*** Block opens ***

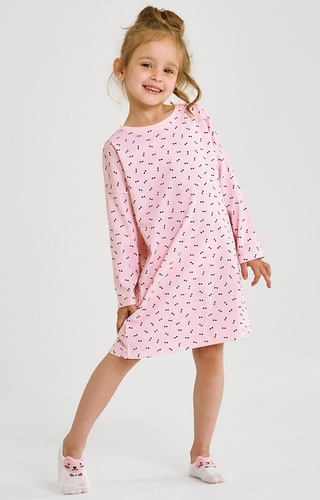 3494 Leonia Taro rosa - camicia da notte bambina in cotone con fiocchi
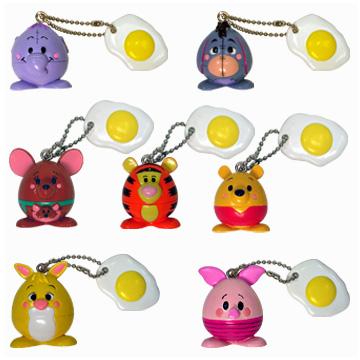 Yujin Disney Characters Capsule World Gashapon Egg Chaps Winnie the Pooh ver 7 Mini Strap Mascot Figure Set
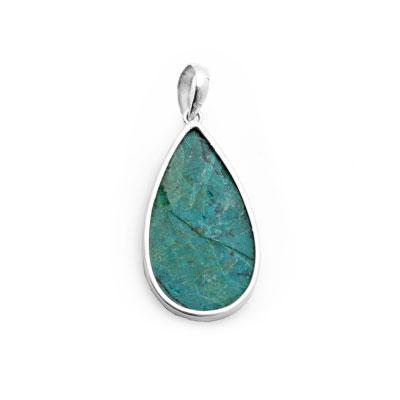 Pingente de Prata com Sonora Chrysocolla.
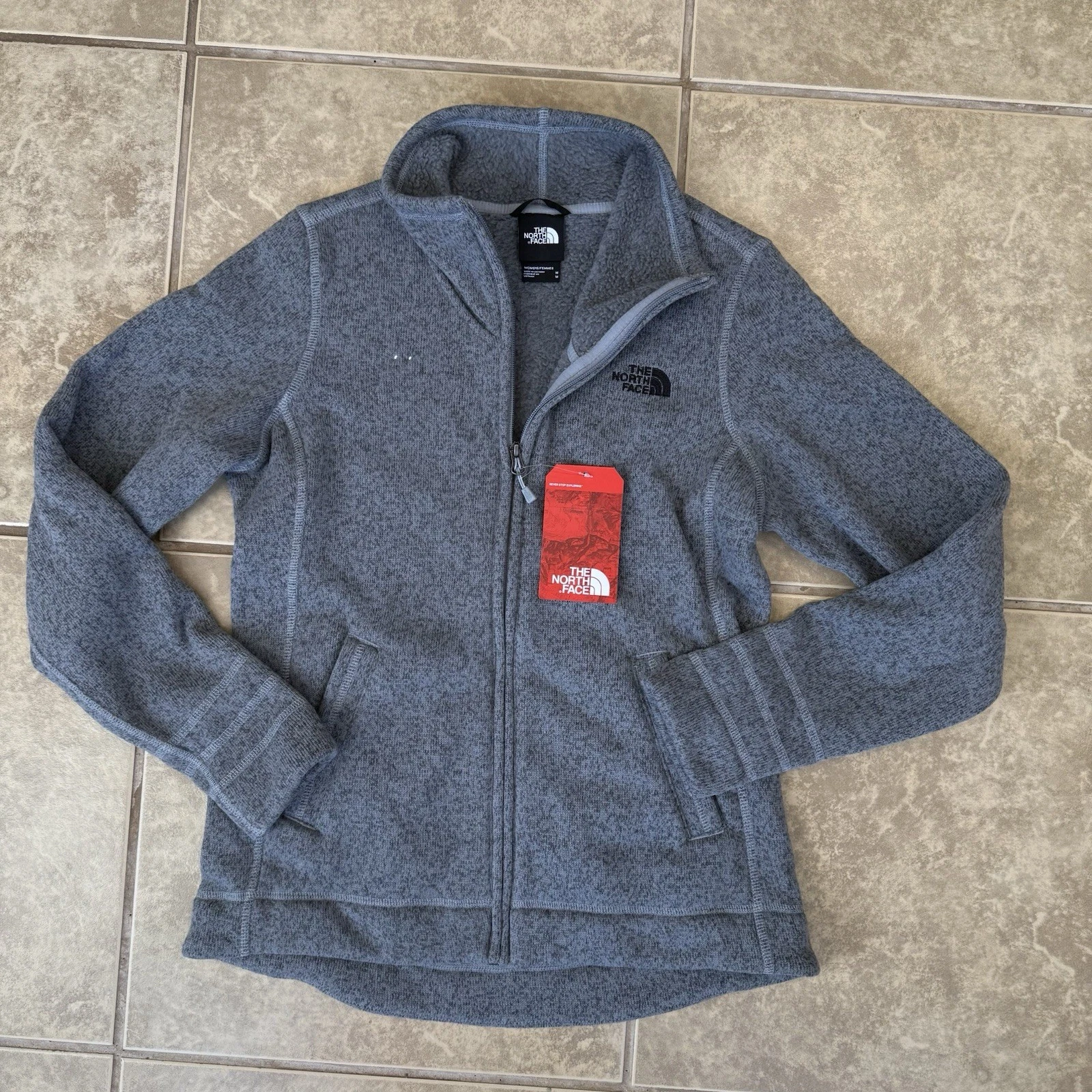 THE NORTH FACE Full Zip Jacket Heather Gray Women's Size Medium NWT New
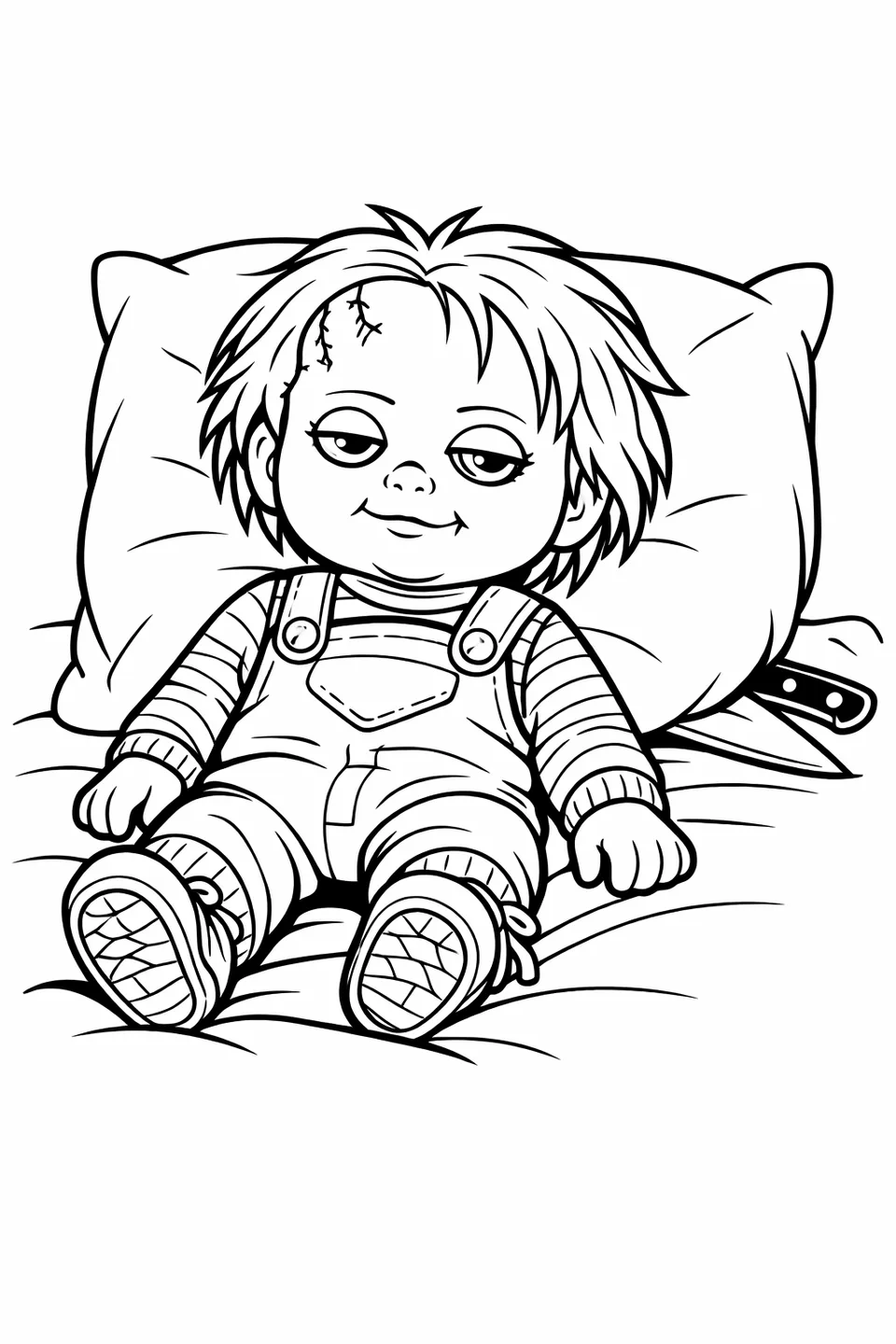 Outline drawing of Chucky propped on a bed pillow with arms limp and eyes half-open, a knife tip visible peeking from under the pillow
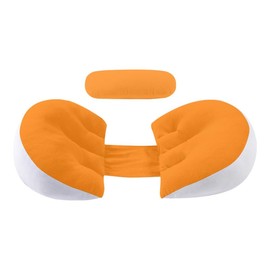 KURFSDUE ComfyMom U-Shaped Pregnancy Pillow for Full Body Support - Orange and White, Removable Washable Cover, Hypoallergenic Memory Foam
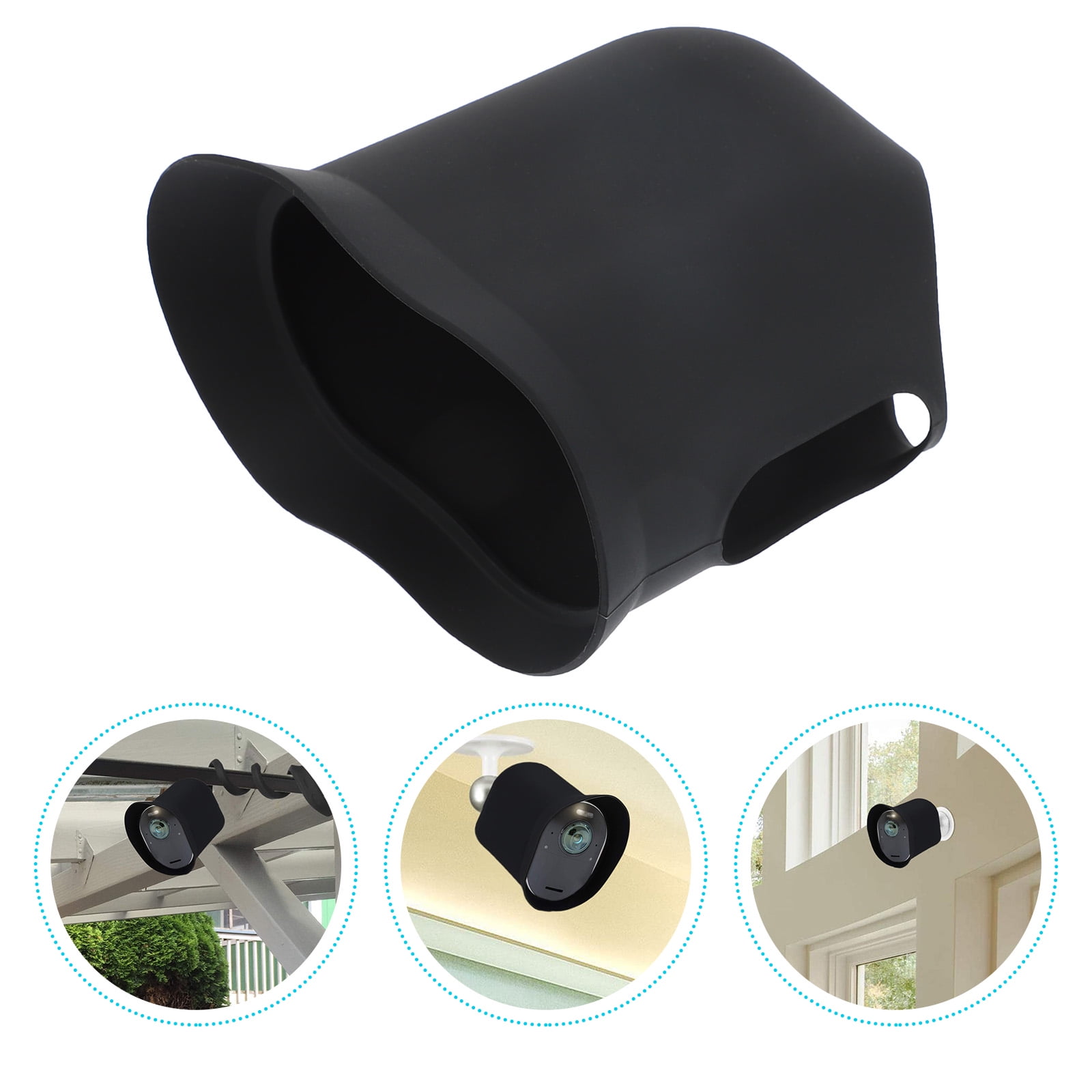 Alasum Black Silicone Camera Protective Cover Set - Anti-Glare Shield for Outdoor Security Cameras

*** Block closes ***

Problem to solve –
Please reproduce the entries above exactly, from their first line to the line holding "THE NORTH FACE" inclusive, and nothing else; the pictures stay out.

Result of the task –
 3494 Leonia Taro rosa - camicia da notte bambina in cotone con fiocchi
 Yujin Disney Characters Capsule World Gashapon Egg Chaps Winnie the Pooh ver 7 Mini Strap Mascot Figure Set
 Pingente de Prata com Sonora Chrysocolla.
 THE NORTH FACE Full Zip Jacket Heather Gray Women's Size Medium NWT New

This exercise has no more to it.